He squared up against a 250-pound, barely-clothed Mongol wrestler, accepted as a gift a handsome brown horse that he named Celtic, and marveled at the logic-defying contortions of a physical performer balancing herself by her teeth.
Mongolia, the middle stop of Vice President Joe Biden’s just-concluded three-nation tour of Asia, was also the lightest. It was the first visit to the country by a sitting U.S. vice president since 1944, when Franklin Roosevelt dispatched Henry Wallace as far as he could from Washington -- just before Wallace was unceremoniously dumped from the Democratic ticket in favor of Harry Truman.
That's not happening to this vice president.
"I've been unable to figure out how to get off [the ticket]," Biden said in an interview last week aboard Air Force Two after leaving Mongolia.

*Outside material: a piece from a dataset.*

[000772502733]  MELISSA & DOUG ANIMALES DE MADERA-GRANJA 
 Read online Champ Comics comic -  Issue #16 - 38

Biden had been asked to finally settle the subject of many cocktail-party conversations inside the beltway, particularly the question of whether he and Secretary of State Hillary Clinton might trade jobs after 2012.
Three years to the day that he accepted Barack Obama's offer to be his running mate in the 2008 campaign, Biden said his role as vice president has been precisely what he and his then-Senate colleague discussed.
"There really is a close working relationship and a great deal of trust. And that’s what I signed up for," Biden said.
His journey over nine days this month is an example of that trust. The primary purpose was to build on Washington's relationship with China, a top priority for President Obama since taking office.
Over four days and multiple one-on-one meetings, Biden began sizing up the man widely expected to become China’s next president, but about whom little is known – Vice President Xi Jingping.
Biden said he went to China without specific marching orders from Obama.
“There’s a confidence level about my ability to do the job,” Biden said. “As I head off to China, it’s a very serious relationship. There’s no, ‘Let me tell you what I need you to do or say.’”
Originally planned as a get-to-know-you trip, it had to be postponed once because of the debt-ceiling crisis in Washington -- something Biden also found himself playing a key part in.
Publicly, Biden’s mission to Asia became one of reassurance, telling one Chinese leader after another that the country's investment in U.S. treasuries was secure.
Chinese Premier Wen Jiabao, in a meeting at the ornate Purple Light Pavilion, thanked Biden for bringing that message to the Chinese people. Biden responded by again stating that the Chinese “have nothing to worry about” with regard to America’s financial well-being.
In Japan, where Biden toured the damage wrought by the March earthquake and tsunami, he linked Japan’s struggles to the American budget challenge, saying both nations would confound those who say they cannot rebound.
Biden would later dispute that it was ever a major concern.
“I didn’t come to explain a damn thing,” he bluntly declared in a speech to U.S. troops at Yokota Air Base in Japan on Wednesday.
In an interview, Biden said he sensed little anxiety from the Chinese leaders behind closed doors. Like Americans, he said, they were only hoping that the U.S. economy would begin growing again “because it’s in their interest.”
“I think [Xi] and the leadership on down is confident in our stability, confident in our ability to deal with our problems,” he said.
Biden also came to pressure the Chinese to do more to level the playing field for U.S. businesses seeking to do business with China. U.S. businesses secured deals worth $500 million in increased exports and future development during Biden's trip, but the vice president prodded the country’s leadership to continue moving forward with a plan to rebalance its economy to one that is less dependent on exports and sustained by increased domestic consumption.
Building the kind of relationship Biden worked toward is critical to get results, an analyst said.
“You can't get someone to act against his country's national interest,” said Jeff Bader, a former China policy specialist for the Obama administration, now with the Brookings Institution. “The objective is to get a degree of understanding about [their] political situation and to try to appeal for cooperation within the limits of what they can do in their system. And if you have a personal relationship, you’re more likely to get that kind of response.”
Based on their conversations in the past weeks, Biden said Xi is someone he thinks he can work with.
“He said he wanted to build a personal friendship,” Biden said. “And he understands that this relationship is worth deepening.”
Now back in the United States, the vice president will move on to the many other assignments on his desk -- the next round of deficit talks, finalizing the administration’s new jobs plan, and the reelection effort, to name a few.
The American people are more sophisticated about the global economy, and understand the administration inherited a “God-awful” mess, Biden said when asked how he and Obama can win a second term even with stubbornly high unemployment.
The debt-ceiling debate in particular has “crowded out the things that people want to talk about,” like the administration’s jobs plan, something Obama will roll out in the coming weeks.
More guarded than he has been in the past, Biden refused to share specifics about what the new plan might include.